§ **TASK DETAILS**:
Make an exact copy of the listing below. Pictures stay out of it.

§ **THE DATA**:
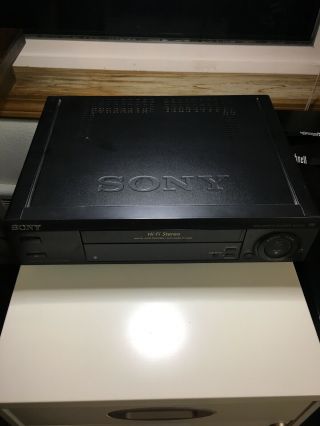 Sony Hi - Fi Stereo Vhs Player Black W/ Digital Auto Tracking (slv - 675hf)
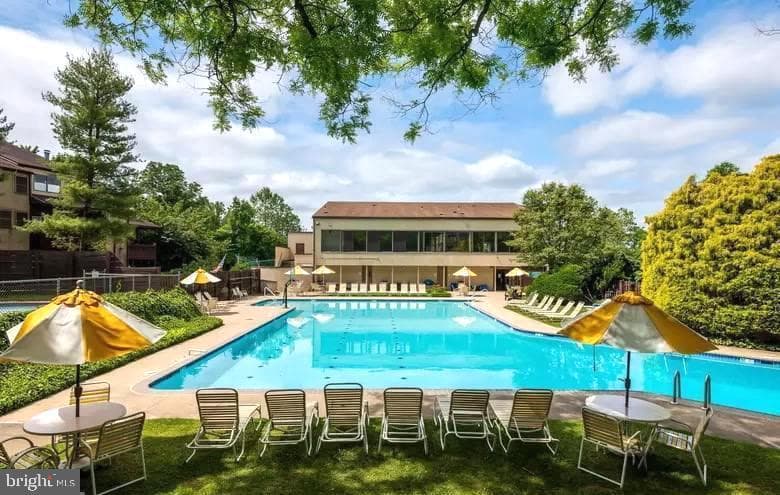 315 Shawmont Avenue #E photo 44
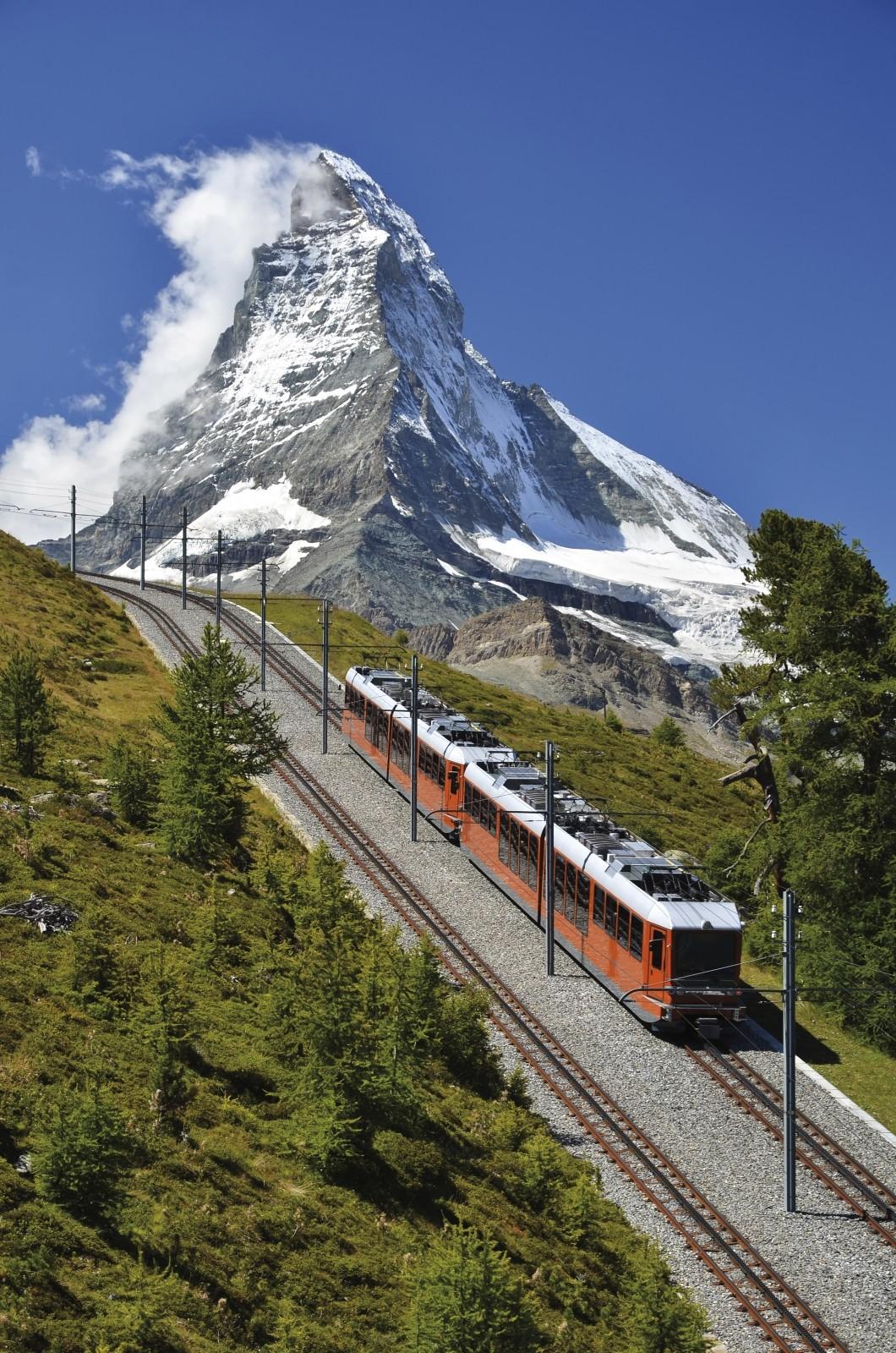 Das Matterhorn mit der Gornergrat-Bahn (Foto: Emi Christa, fotolia)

§ **TASK SOLUTION**:
 Sony Hi - Fi Stereo Vhs Player Black W/ Digital Auto Tracking (slv - 675hf)
 315 Shawmont Avenue #E photo 44
 Das Matterhorn mit der Gornergrat-Bahn (Foto: Emi Christa, fotolia)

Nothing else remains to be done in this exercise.